Monday, June 20, 2011

jun 22 | voices of light: the passion of joan of arc | berkshire choral festival

Having brought The Passion Project to Vancouver's PuSh Festival in 2010, and savouring the Stefan Smulovitz live-performed score for a screening of Dreyer's Joan Of Arc also featured in that Festival, this further exploration of Dreyer's classic silent film is pretty much irresistable...


Berkshire Choral Festival Sings
The Passion Of Joan Of Arc
Jessica Werb, Georgia Straight, June 16
tickets

On Wednesday, June 22, more than 100 singers will take the stage of the Chan Centre for the Performing Arts, after just one week of intensive rehearsals, to perform an epic work of contemporary music: Richard Einhorn’s Voices of Light: The Passion of Joan of Arc, which requires a full orchestra, a medieval a cappella quartet, and four soloists—as well as a simultaneous screening of the 1928 black-and-white silent film by Carl Dreyer, The Passion of Joan of Arc.

If that sounds like a tall order, conductor Tom Hall isn’t sweating. The music director of the Baltimore Choral Arts Society will be taking the helm of this massive project, which is being produced as part of the Berkshire Choral Festival — a roving event that, seven weeks each year, assembles 200 choristers for weeklong singing vacations. This year, one of those weeks is taking place in Vancouver. . . .

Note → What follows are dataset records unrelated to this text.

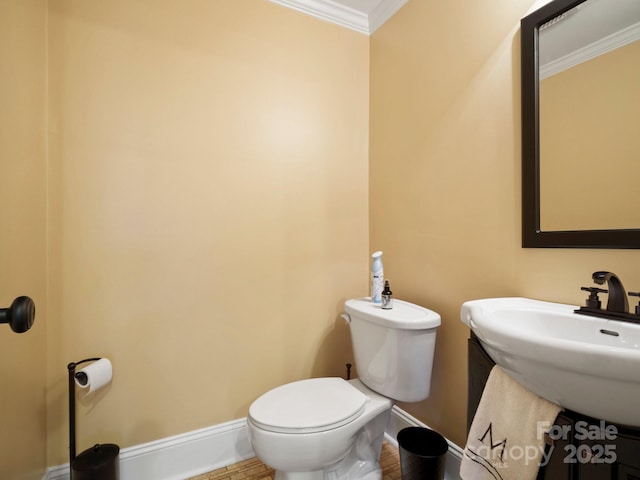 bathroom featuring crown molding, toilet, and sink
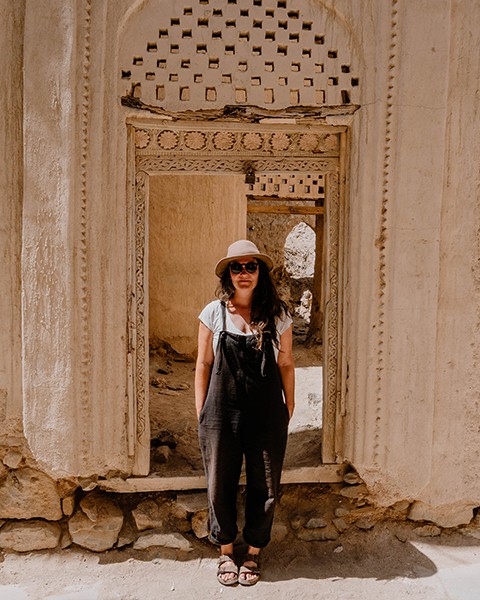 Elisa Model vom Camping Blog take an adVANture steht in Türrahmen vor altem Lehmhaus.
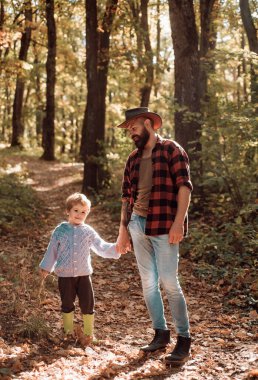 Babam kovboy. Aile zamanı. Aile eğlencesi. Doğayı keşfet. Seyahat tutkusu konsepti. Vahşi sakallı adam ve küçük çocuk ailesi doğanın tadını çıkarıyor. Hippi sakallı baba ve tatlı oğlu ormanda birlikte vakit geçiriyorlar..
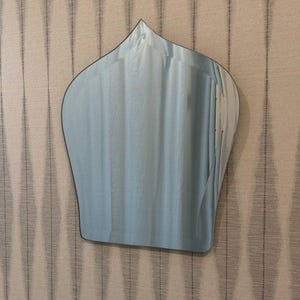 May include: A wall-mounted mirror featuring a distinct onion-dome shape with a pointed top and curved sides. The reflective glass surface has a smooth, frameless edge, creating a clean and simple silhouette that reflects the surrounding environment.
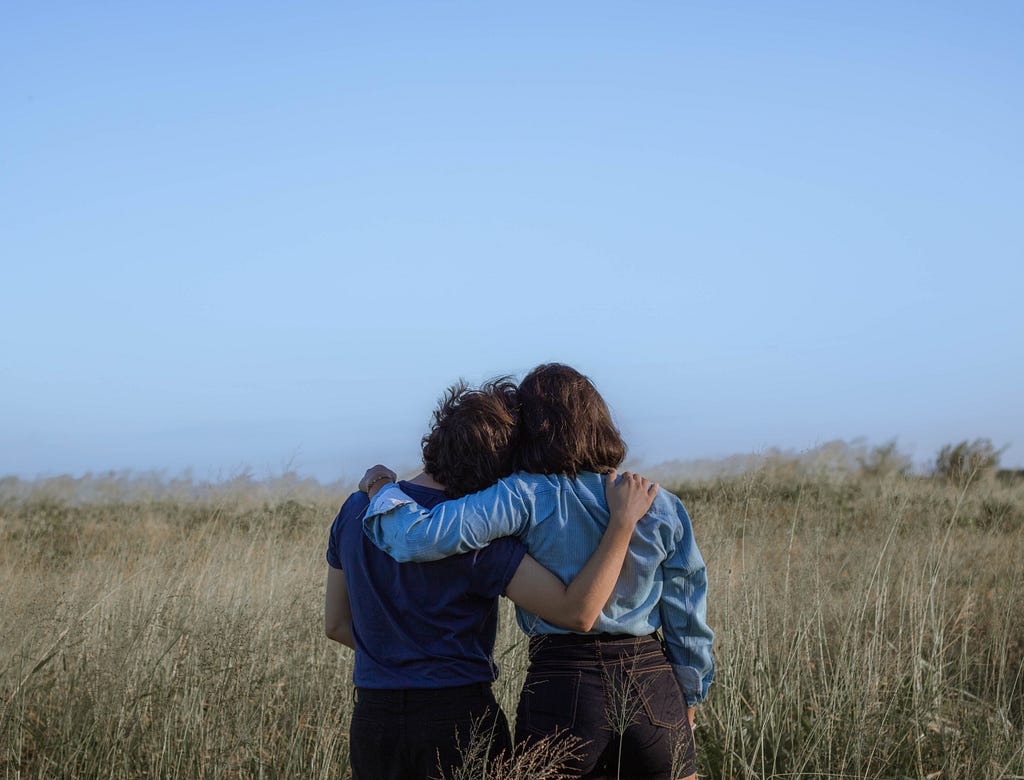 Two people stand in a paddock with their arms around each other and resting their heads together.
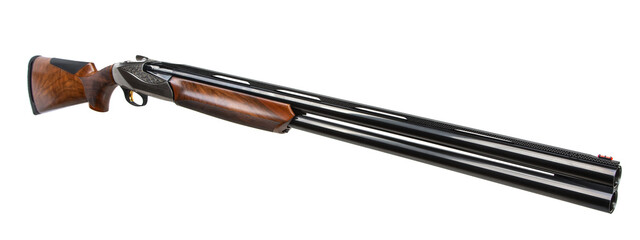 Elegant over-under shotgun with engraved receiver and wooden stock, angled side view on white back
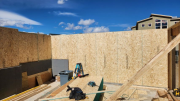 Interior garage walls are sheathed for easy insulation installation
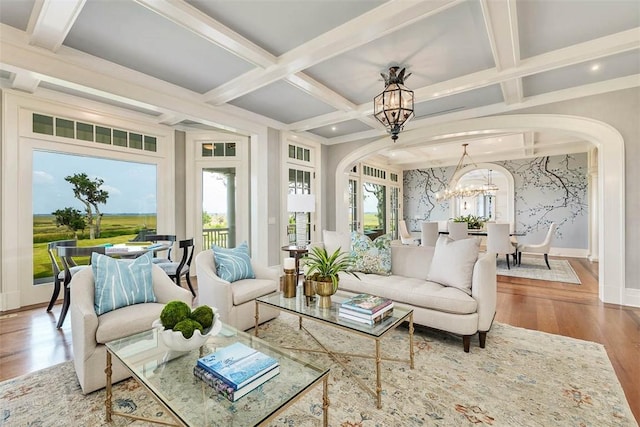 144 Point Ln, Saint Simons Island, GA 31522 - living room featuring a chandelier, arched walkways, coffered ceiling, wood finished floors, and plenty of natural light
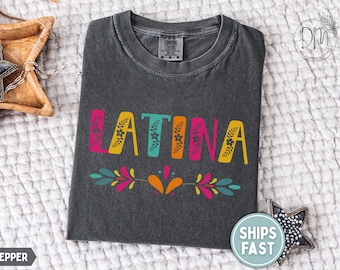 May include: Dark grey t-shirt featuring the word "LATINA" in vibrant, floral-decorated letters. A decorative floral design is below the word. The shirt is displayed on a white, textured surface.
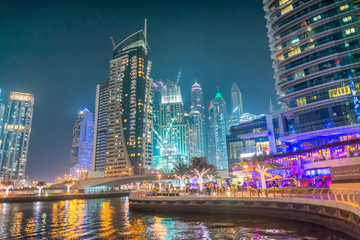 DUBAI, UAE - DECEMBER 5, 2016: Dubai Marina skyline at nightalong the canal, UAE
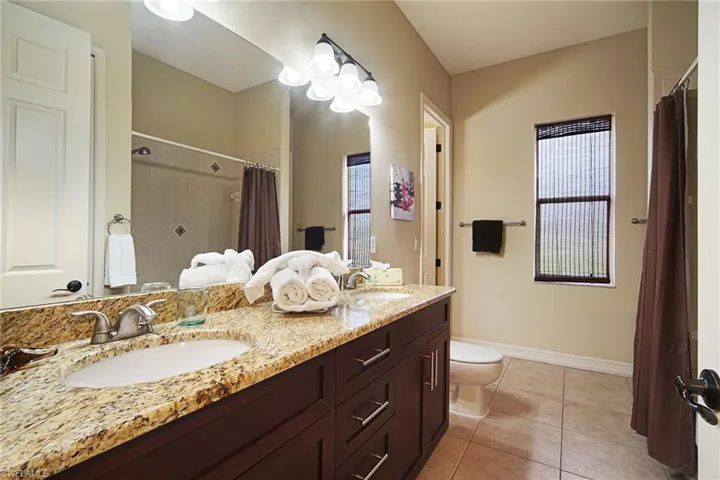 Bathroom with toilet, baseboards, tile patterned flooring, double vanity, and a shower with curtain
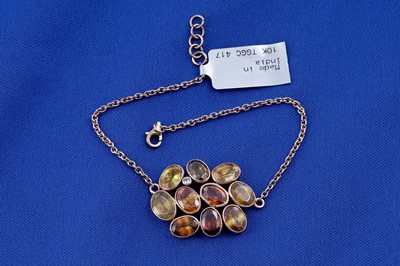 Lot 224 - A fire opal and diamond bracelet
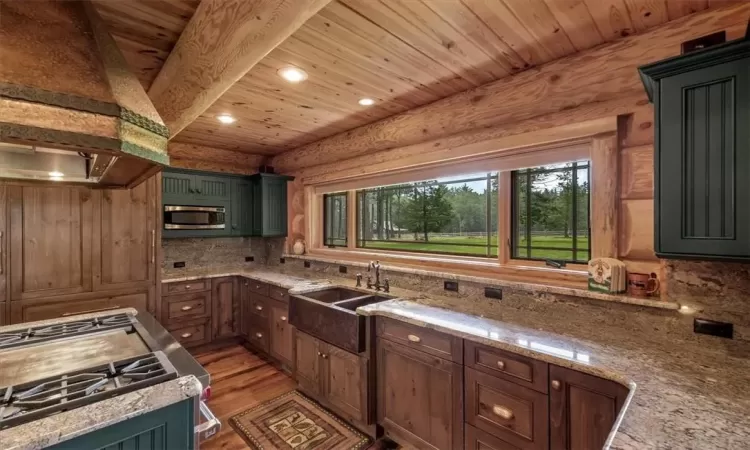 Kitchen featuring range, tasteful backsplash, hardwood / wood-style floors, sink, and custom range hood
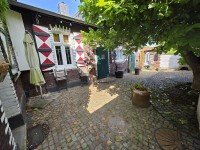 Bild (e59390b0488131ac0c5037adaf6a4c65): Reihenendhaus und Anbau mit historischem Charme, Garage, Innenhof und liebevoll angelegtem Garten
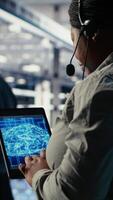 Vertical Server room tech support employee using AI on tablet to guide clients. Technician in data center helps users fix system errors on servers using artificial intelligence, camera B video
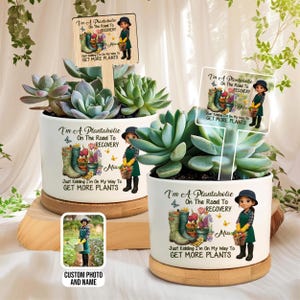 May include: Two white ceramic planters with succulents, each featuring the text "I'm A Plantaholic On The Road To Recovery" and a cartoon illustration. One planter includes a small photo. The planters sit on wooden bases.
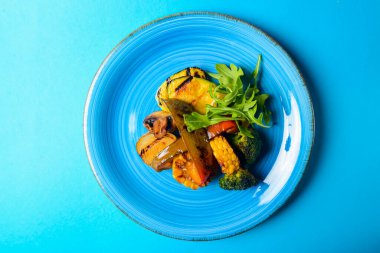 Mavi arka planda servis edilen lezzetli ızgara sebzeler. BBQ Grill konsepti, biftek ve patates için garnitür..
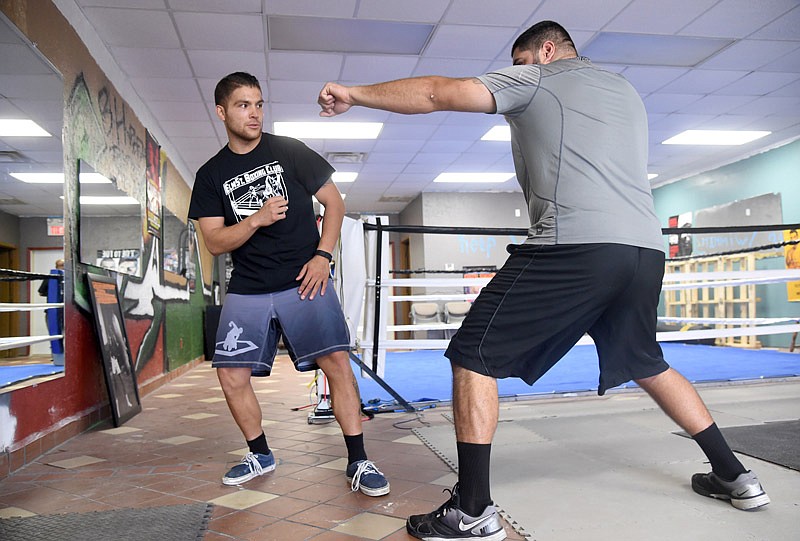 Owner Mario Antonio, left, trains Ramon Barraza on Wednesday at ElmSt. Boxing Club. Antonio, originally from East Los Angeles, was a boxer before he moved to Jefferson City.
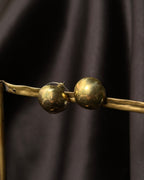 Brass round-shaped stud earrings handmade by A Creator's Studio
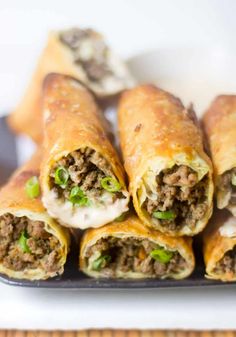 there are some meat and cheese rolls on the plate, ready to be eaten for lunch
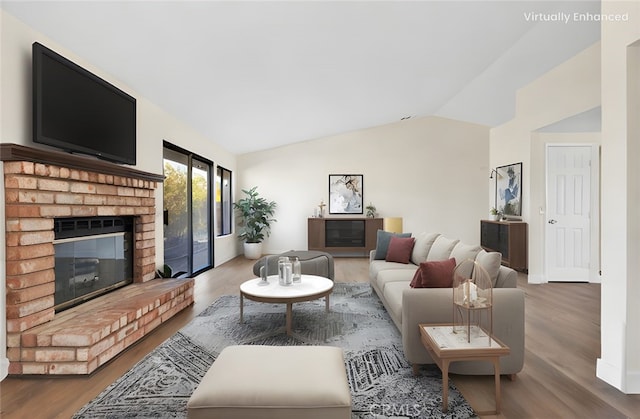 living room with lofted ceiling, a fireplace, and hardwood / wood-style floors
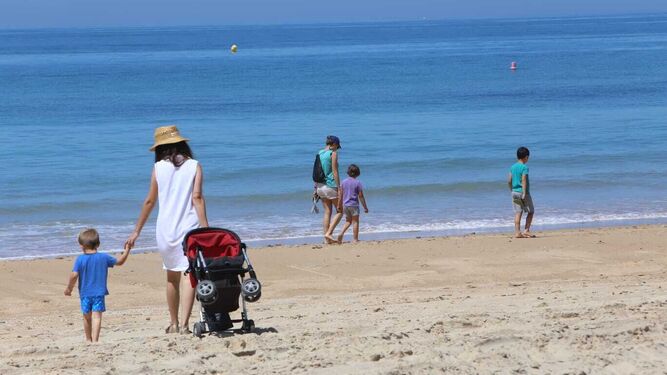 Personas paseando por la playa de La Barrosa, en una imagen de archivo.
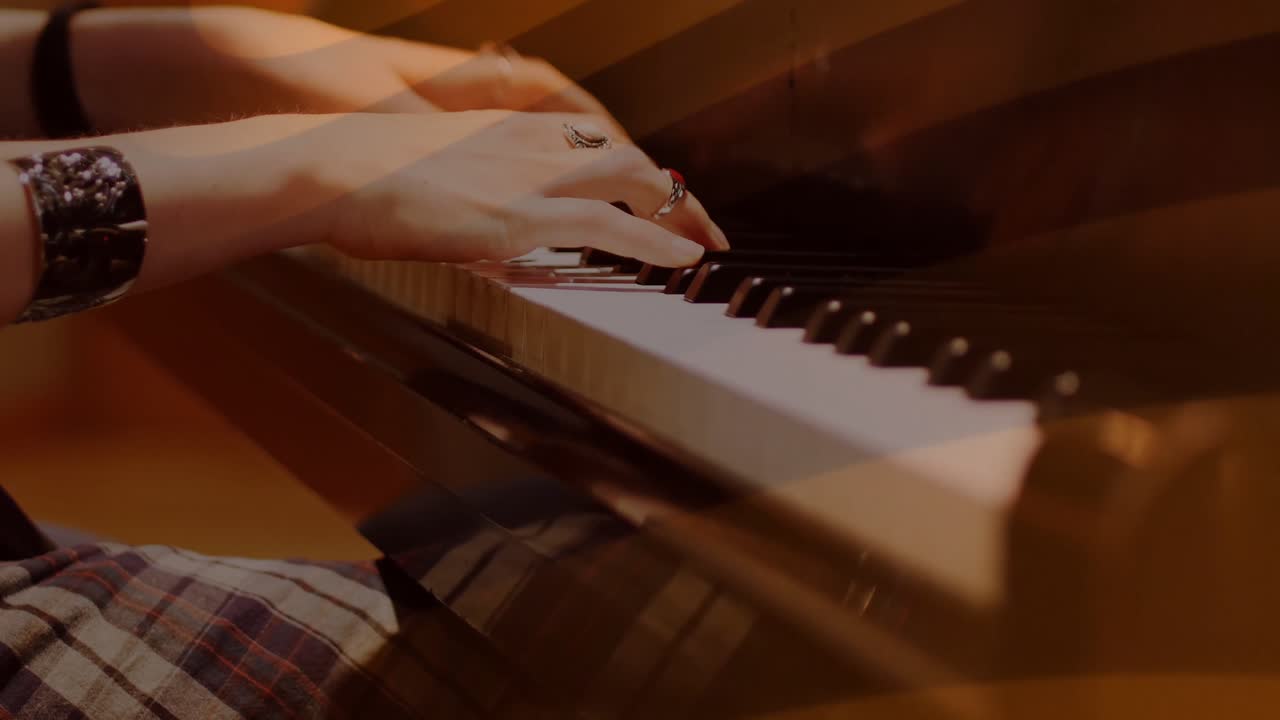 Pianist's hands hovering over piano keys pressing chords making music under orange flares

In addition to conducting a massive choir of voices, Hall will be simultaneously leading the National Broadcast Orchestra, the New York–based medieval a cappella quartet Anonymous 4, and four soloists that include Vancouver-based soprano and composer Kathleen Allan in her first orchestral singing role. . . .

The work itself, says Hall, is an intensely emotional piece of music, written specifically to be performed in tandem with Dreyer’s haunting cinematic masterpiece. “The music, which was written just some 20 years ago, is actually quite ancient in its inspiration,” he observes. “So there’s a lot of medieval-sounding stuff, there’s a lot of chanting, there’s a lot of clear references to Gregorian music and medieval music.”

In contrast, he notes, the film — rediscovered in 1981, when a near-complete print was found in a janitor’s closet in a mental institution in Oslo — was far ahead of its time. “The movie is actually quite modern and quite precedent-breaking, and forward-thinking in its approach.” He cites, for example, the use of fast cuts, close-ups, and creative angles more familiar to modern audiences than to cinema-goers of the silent-film era.

Even though it was written to be performed with the film, Einhorn’s piece is not a soundtrack, stresses Hall, noting that much of its text comes from the writings of medieval female mystics rather than Joan of Arc’s own words. Even so, he says, “the oratorio needs to be synced up to the movie. When I conduct this, I have to make sure that I’m in the right place — I’ve got to get everybody moving along so that the movements that Richard has composed to correspond with the various scenes in the movie are happening at the right time. . . . This is a really emotionally gripping experience, to witness this movie and to hear this music tied to it. It’s a very emotional evening for everybody involved."